クリスマスマーケットの帰り、もしかして、と何か期待をしている自分を制するように冷たいポストの金具を回す。

夕暮れが始まる前で空は次第に橙色に染まり始め、降り積もったばかりの白い筈の雪はほんのり薄く桃色に色づいたと糖衣菓子のように見えた。錆びれてうまく動かない蓋を無理やり上へとあげ、手を入れれば夕刊と重厚な封筒が施された手紙が出てきたではないか。

ああ、今日もきた。

いつまでこの送り主はこの文通を、返事を書いていないので文通とは言い難いが、彼は書き続けるのだろう。

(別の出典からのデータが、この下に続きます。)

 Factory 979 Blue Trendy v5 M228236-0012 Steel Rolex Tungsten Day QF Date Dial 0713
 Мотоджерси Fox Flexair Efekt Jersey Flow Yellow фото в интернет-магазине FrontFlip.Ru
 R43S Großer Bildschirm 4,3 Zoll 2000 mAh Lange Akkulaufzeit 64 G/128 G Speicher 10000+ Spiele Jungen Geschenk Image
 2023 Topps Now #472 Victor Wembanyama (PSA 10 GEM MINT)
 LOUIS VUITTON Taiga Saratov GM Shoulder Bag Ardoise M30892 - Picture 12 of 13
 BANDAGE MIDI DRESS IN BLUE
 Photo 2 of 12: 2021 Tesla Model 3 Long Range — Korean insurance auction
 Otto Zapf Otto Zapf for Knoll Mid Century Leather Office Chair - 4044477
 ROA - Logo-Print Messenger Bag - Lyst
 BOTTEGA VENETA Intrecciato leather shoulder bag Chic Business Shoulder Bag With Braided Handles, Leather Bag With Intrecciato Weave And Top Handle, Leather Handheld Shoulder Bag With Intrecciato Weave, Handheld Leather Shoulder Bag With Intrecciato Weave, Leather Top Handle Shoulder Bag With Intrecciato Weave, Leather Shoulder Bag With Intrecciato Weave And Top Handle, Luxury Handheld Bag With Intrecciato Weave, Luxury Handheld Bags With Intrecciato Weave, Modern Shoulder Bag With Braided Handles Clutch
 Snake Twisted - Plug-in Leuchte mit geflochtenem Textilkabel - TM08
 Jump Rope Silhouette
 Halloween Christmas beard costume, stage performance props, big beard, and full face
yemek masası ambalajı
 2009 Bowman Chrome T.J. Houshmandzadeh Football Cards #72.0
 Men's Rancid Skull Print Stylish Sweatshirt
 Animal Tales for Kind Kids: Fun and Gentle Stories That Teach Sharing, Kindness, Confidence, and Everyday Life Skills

そもそも今日で終わりかもしれない、と先程のように何か期待する自分をねむるは制した。
期待したところで彼は変わらない。変わらなかったから自分はあの場所から逃げ出してしまったのではないかと。

「どうして手紙出しちゃったのかしらね」

家に入り過去の無垢で幸福な自分に呆れたように呟く。言葉を返すものは誰もいない。
今でもはっきりと覚えている。クリスマスには会えないという恋人に、ザンザスに手紙を送りたいと申し出たのだ。彼から手紙で返事は返ってこなかったが、立派なオーナメントセットが届けられた。きっと彼の部下が手配をしたのだとはわかっていた、それでも彼女はクリスマスの魔法にかかっては夢を見た。


『ねむる
   柊の赤い実は誰の血だ』

謎ときのような手紙である。
よくわからない、とため息を吐いて棚に仕舞い込む。捨てれば良いのにこうしてしまってしまうのは何故だろうか。